2. Every `Decision` node has exactly one `decision_origin` recorded per C2.
3. Non-deterministic edges (`is_deterministic: false`) are the re-run risk surface — `s3-reproducibility-controls` defines how to constrain them.
4. A lineage map is **incomplete** if any node lacks the edge labels above, or if any leaf is not a `Source` row from `s3-source-inventory-template`.
5. Maps are versioned alongside the system.
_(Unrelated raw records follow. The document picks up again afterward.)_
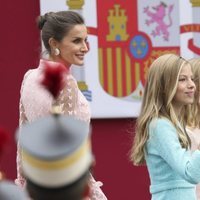 La Reina Letizia, la Princesa Leonor y la Infanta Sofía en el Día de la Hispanidad 2019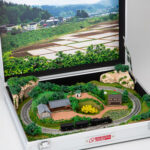 〈ロクハン〉Zゲージ トランクレイアウト鉄道模型「汽車が走る原風景」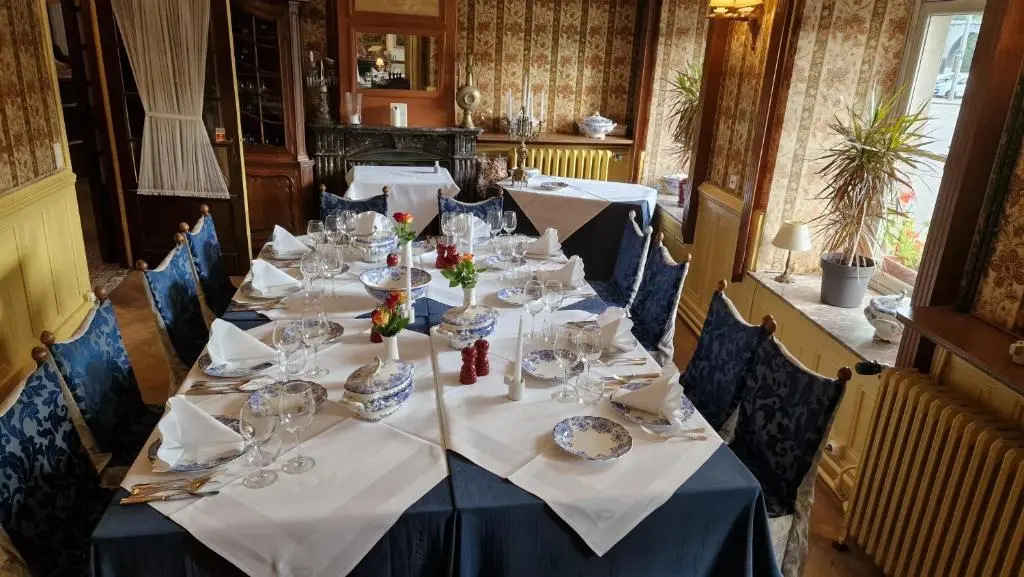 Royal Hotel-Restaurant Bonhomme - фото 13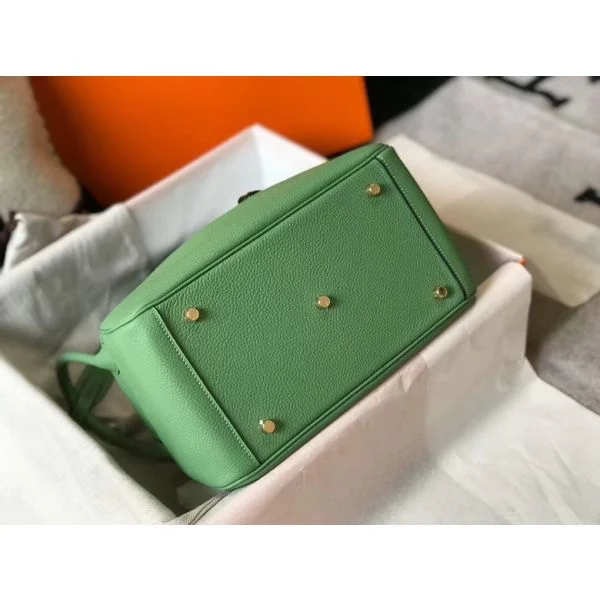 Hermes Lindy 30cm Bag In Vert Criquet Clemence Leather GHW - Image 3
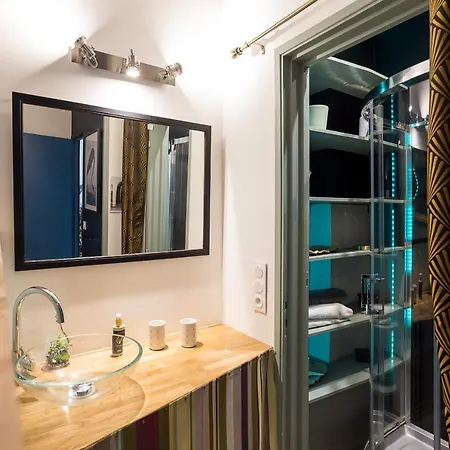 Renee Apartment *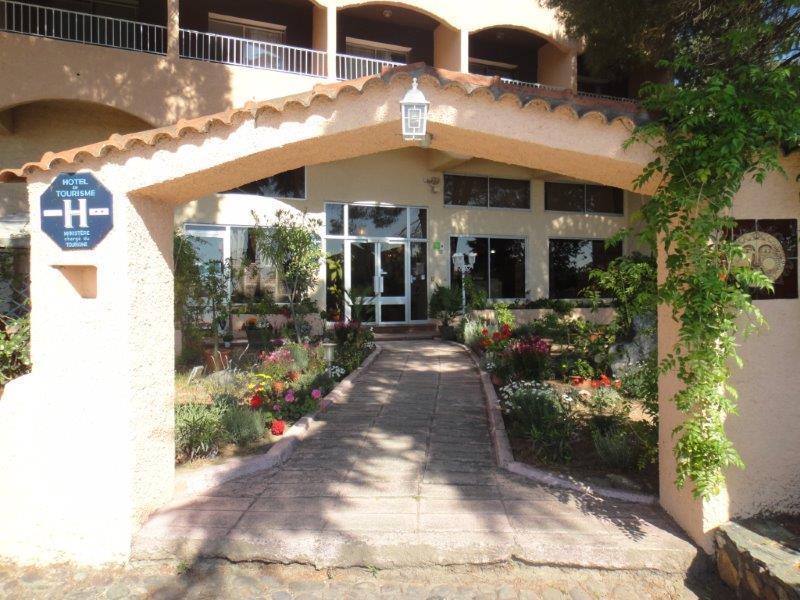 Hotel Le Colibri Lucciana  Exteriér fotografie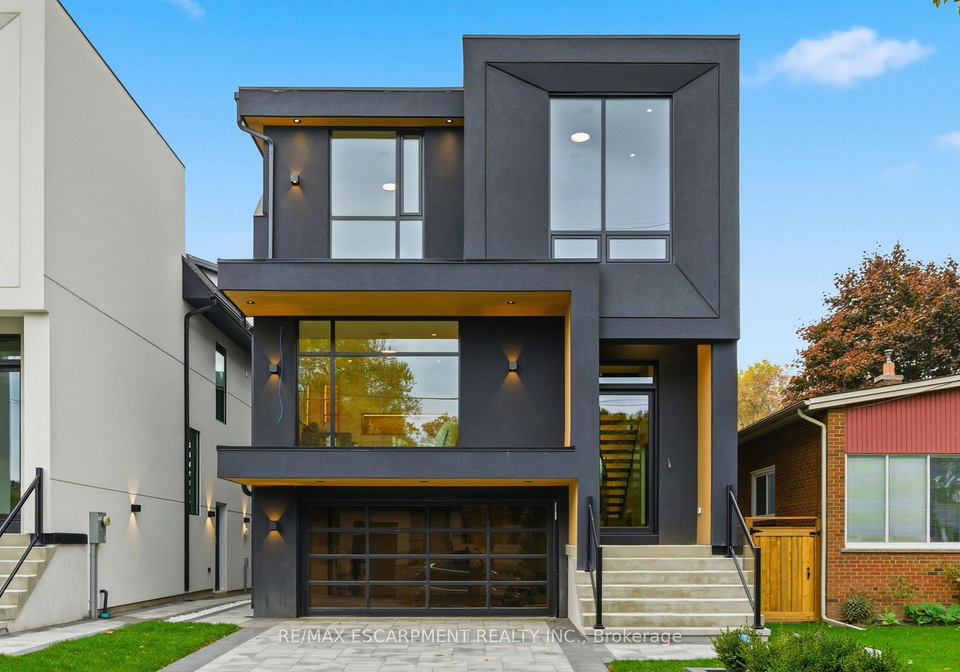 957-halliday-avenue-mississauga-ontario-w13676056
A model swap, retriever change, or new source is a lineage map version bump, not a silent edit.

## Anti-patterns
- "Source: internet" — not a source. Either it is on the inventory or it is not in lineage.
- A `Transformation` that secretly calls an LLM — that is an `Inference` node; relabel.
- Merging two `confidence_band: low` inputs into a `high` output without an explicit, recorded merge rule. Confidence does not laundry.